Once the baby comes, be sure to nurse your newborn first. Diapers that are frequently wet or soiled and a steady, on-target weight gain are signs that your new arrival is getting what they need.

Your older child may wean themselves due to changes in the taste and consistency in your milk as your pregnancy progresses. It’s also possible, says Berens, that your child will have a renewed interest in breast-feeding when they see you nursing the new baby.

Will I Have Enough Milk?

No need to be concerned that there won’t be enough to go around. Your milk supply will increase to meet the demand. In other words, the more you breast-feed, the more milk your body will produce.

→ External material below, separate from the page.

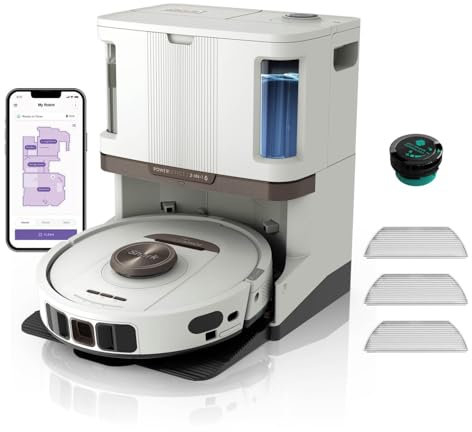 Shark PowerDetect Robot Vacuum and Mop with 60-Day Self-emptying and Cleaning Base - 3D LiDAR Navigation - Wi-Fi/App - 4 Anti-microbial Pads, 1 Odour Cartridge and 2 Brushes Incl. - White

However, you may experience some fluctuation in supply due to pregnancy hormones. “There’s a lot of individual variation here,” says Berens. “Some women may notice a decrease in their milk supply with higher levels of pregnancy hormone, but I’ve also had patients who had a fine milk supply when they were pregnant.”

Pregnancy hormones aren’t the only cause of a decreased milk supply. As Berens point out, by 6 months, babies have typically graduated to complementary foods and are sleeping for longer stretches. As a result, the frequency of feedings diminishes and so does your milk supply.

During the latter part of the pregnancy, your milk will change to prepare for the new baby’s arrival. This thicker, less sweet milk is called colostrum and is considered to be a baby’s first vaccination. Your older child may be turned off by the taste, consistency, and decreased volume of this new milk and lose interest in nursing.

Anywhere from a few days to a few weeks after the new baby comes, your milk will transition back to the mature milk your older child was used to. At which point, they may decide to start nursing again.

Are There Any Dietary Guidelines I Should Be Following?

While you shouldn’t literally be eating for two, you will need to up your caloric intake during pregnancy, especially if you’re breast-feeding.

A good rule of thumb is to aim for 300 extra calories a day for the baby and an additional 400 to 500 calories per day for breast-feeding.

When it comes to what you consume, use common sense. A varied diet filled with plants and protein will serve you and your babies well. Try to avoid sugary drinks, limit your mercury intake, stay away from alcohol, and go easy on the caffeine. Berens advises getting plenty of iron and folate in your diet and taking a daily prenatal vitamin.

It’s particularly important to stay hydrated while breast-feeding. Have a glass of water handy during feedings and drink frequently throughout the day.

Let your body be your guide. “If you’re hungry, eat. If you’re thirsty, drink,” says Spangler. It’s as simple as that.

What If I’m Expecting Multiples?

If you’re expecting more than one baby, you may be advised to wean your nursing child. The more babies you’re carrying, the greater the risk of preterm birth. Breast-feeding may increase that risk as it can trigger uterine contractions. Likewise, you may be advised to discontinue breast-feeding if you have a history of preterm birth or are experiencing any unusual spotting or bleeding.

If you and your babies are healthy, there are no complications with the pregnancy, and you don’t have a history of preterm birth, breast-feeding during pregnancy can be perfectly safe.

Once you’ve gotten the green light from your doctor to continue breast-feeding your older child, the advice is no different than for women carrying one baby while breast-feeding.

The Takeaway

You can absolutely continue breast-feeding during pregnancy. Very rarely does a mother need to wean her child because she’s expecting.

If you do decide to wean your child, be sure to do so gradually. And, remember, as your milk changes during pregnancy, your child may decide to give up the breast on their own.

It’s important to discuss your wishes with your doctor, particularly if you are carrying multiples or have a history of preterm birth.

Ultimately, whether or not to breast-feed while pregnant is a personal decision for you and your child to make together.